(Brief descriptive captions)
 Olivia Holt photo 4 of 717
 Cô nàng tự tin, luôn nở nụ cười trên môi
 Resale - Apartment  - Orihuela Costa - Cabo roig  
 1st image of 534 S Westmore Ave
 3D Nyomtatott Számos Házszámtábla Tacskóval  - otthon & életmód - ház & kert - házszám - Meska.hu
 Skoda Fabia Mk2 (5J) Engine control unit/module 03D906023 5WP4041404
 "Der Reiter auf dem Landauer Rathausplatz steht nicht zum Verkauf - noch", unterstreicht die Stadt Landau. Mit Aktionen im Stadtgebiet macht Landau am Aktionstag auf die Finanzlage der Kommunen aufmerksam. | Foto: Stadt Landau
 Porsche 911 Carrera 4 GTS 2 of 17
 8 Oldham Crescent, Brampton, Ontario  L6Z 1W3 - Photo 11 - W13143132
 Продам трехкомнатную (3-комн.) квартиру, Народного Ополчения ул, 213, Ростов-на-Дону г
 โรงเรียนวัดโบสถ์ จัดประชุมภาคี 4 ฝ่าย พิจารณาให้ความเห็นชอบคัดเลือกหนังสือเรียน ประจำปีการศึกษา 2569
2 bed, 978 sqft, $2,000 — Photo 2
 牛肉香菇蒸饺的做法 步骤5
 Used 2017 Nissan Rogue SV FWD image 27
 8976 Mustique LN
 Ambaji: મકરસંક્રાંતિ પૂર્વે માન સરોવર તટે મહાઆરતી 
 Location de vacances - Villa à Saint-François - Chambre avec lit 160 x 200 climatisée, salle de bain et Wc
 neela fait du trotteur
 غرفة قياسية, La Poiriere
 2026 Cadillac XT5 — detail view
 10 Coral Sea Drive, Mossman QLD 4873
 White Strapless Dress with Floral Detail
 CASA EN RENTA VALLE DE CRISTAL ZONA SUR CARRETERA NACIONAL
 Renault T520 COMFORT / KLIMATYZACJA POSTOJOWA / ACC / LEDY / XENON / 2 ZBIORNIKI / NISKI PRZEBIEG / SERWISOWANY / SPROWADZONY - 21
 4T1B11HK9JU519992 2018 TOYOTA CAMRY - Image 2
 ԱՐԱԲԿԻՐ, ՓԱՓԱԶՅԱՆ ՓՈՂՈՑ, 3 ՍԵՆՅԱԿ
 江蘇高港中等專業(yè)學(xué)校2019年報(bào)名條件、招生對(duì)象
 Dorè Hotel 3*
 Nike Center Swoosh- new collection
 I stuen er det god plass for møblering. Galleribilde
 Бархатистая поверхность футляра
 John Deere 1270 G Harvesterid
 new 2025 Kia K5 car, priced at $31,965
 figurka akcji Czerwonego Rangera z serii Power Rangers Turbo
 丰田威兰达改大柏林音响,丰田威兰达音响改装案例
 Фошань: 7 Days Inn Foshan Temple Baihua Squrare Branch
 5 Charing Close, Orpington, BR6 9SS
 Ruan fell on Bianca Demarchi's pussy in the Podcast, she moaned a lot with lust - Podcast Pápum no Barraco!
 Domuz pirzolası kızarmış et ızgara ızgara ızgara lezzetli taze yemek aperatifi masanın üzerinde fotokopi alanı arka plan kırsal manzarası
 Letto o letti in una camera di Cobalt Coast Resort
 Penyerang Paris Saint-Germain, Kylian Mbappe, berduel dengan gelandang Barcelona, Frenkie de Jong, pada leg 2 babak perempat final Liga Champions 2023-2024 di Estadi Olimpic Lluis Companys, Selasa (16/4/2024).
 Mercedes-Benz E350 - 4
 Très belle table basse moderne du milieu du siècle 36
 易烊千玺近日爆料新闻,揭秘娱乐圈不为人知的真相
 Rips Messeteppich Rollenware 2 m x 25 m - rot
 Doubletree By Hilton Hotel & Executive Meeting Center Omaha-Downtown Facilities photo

WHAT IS REQUIRED:
The lines above, from the start of the records through the one containing "8 Oldham Crescent, Brampton, Ontario", are to be printed exactly, and nothing else is to be included.

RESULT FOR THIS TASK:
 Olivia Holt photo 4 of 717
 Cô nàng tự tin, luôn nở nụ cười trên môi
 Resale - Apartment  - Orihuela Costa - Cabo roig  
 1st image of 534 S Westmore Ave
 3D Nyomtatott Számos Házszámtábla Tacskóval  - otthon & életmód - ház & kert - házszám - Meska.hu
 Skoda Fabia Mk2 (5J) Engine control unit/module 03D906023 5WP4041404
 "Der Reiter auf dem Landauer Rathausplatz steht nicht zum Verkauf - noch", unterstreicht die Stadt Landau. Mit Aktionen im Stadtgebiet macht Landau am Aktionstag auf die Finanzlage der Kommunen aufmerksam. | Foto: Stadt Landau
 Porsche 911 Carrera 4 GTS 2 of 17
 8 Oldham Crescent, Brampton, Ontario  L6Z 1W3 - Photo 11 - W13143132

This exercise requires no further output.